• PROBLEM TO SOLVE: Across the whole listing, return each line exactly, with no images included.

• SOURCE DATA:
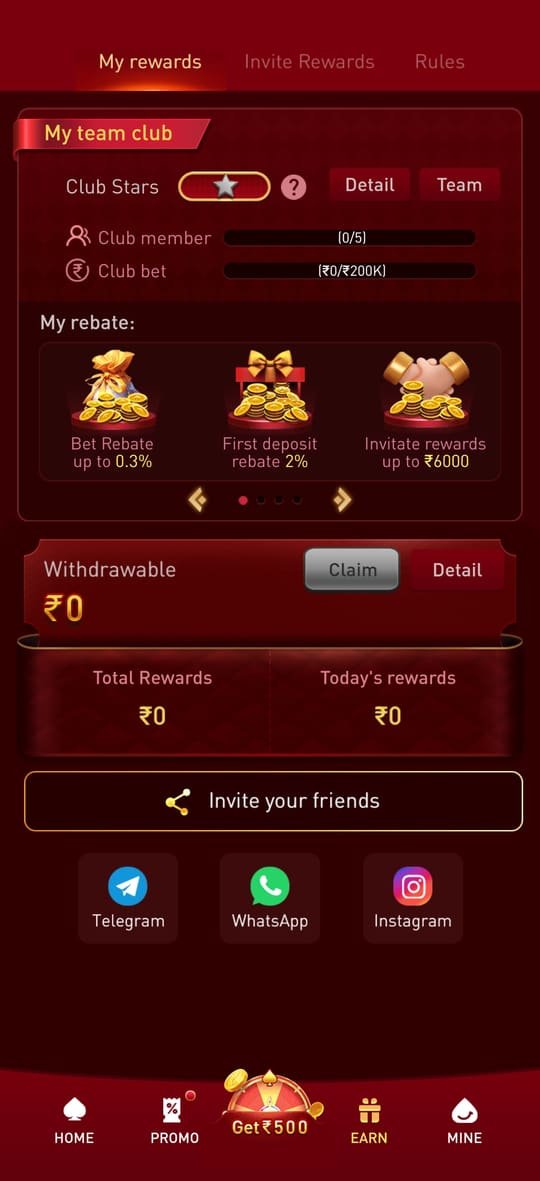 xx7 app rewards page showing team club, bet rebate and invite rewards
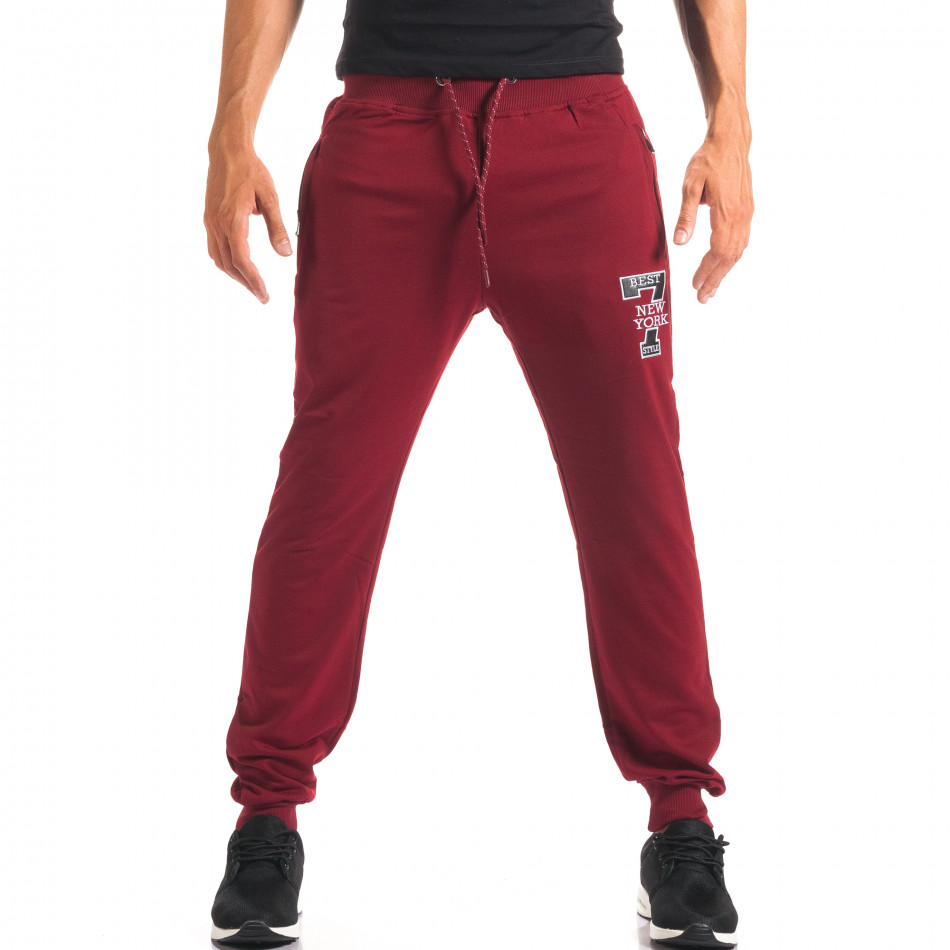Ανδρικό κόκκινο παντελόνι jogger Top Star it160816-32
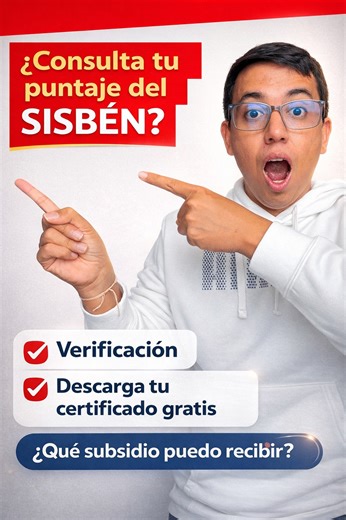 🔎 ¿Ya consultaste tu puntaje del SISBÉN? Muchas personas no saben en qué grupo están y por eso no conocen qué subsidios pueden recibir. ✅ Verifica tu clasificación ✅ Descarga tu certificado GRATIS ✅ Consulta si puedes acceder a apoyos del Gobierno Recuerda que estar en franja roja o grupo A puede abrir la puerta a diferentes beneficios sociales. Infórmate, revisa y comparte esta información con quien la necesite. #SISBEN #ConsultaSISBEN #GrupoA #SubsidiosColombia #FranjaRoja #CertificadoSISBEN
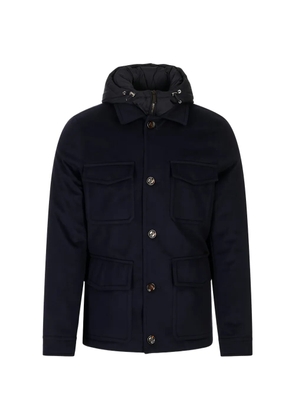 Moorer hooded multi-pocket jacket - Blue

• ANSWER AREA:
 xx7 app rewards page showing team club, bet rebate and invite rewards
Ανδρικό κόκκινο παντελόνι jogger Top Star it160816-32
 🔎 ¿Ya consultaste tu puntaje del SISBÉN? Muchas personas no saben en qué grupo están y por eso no conocen qué subsidios pueden recibir. ✅ Verifica tu clasificación ✅ Descarga tu certificado GRATIS ✅ Consulta si puedes acceder a apoyos del Gobierno Recuerda que estar en franja roja o grupo A puede abrir la puerta a diferentes beneficios sociales. Infórmate, revisa y comparte esta información con quien la necesite. #SISBEN #ConsultaSISBEN #GrupoA #SubsidiosColombia #FranjaRoja #CertificadoSISBEN
 Moorer hooded multi-pocket jacket - Blue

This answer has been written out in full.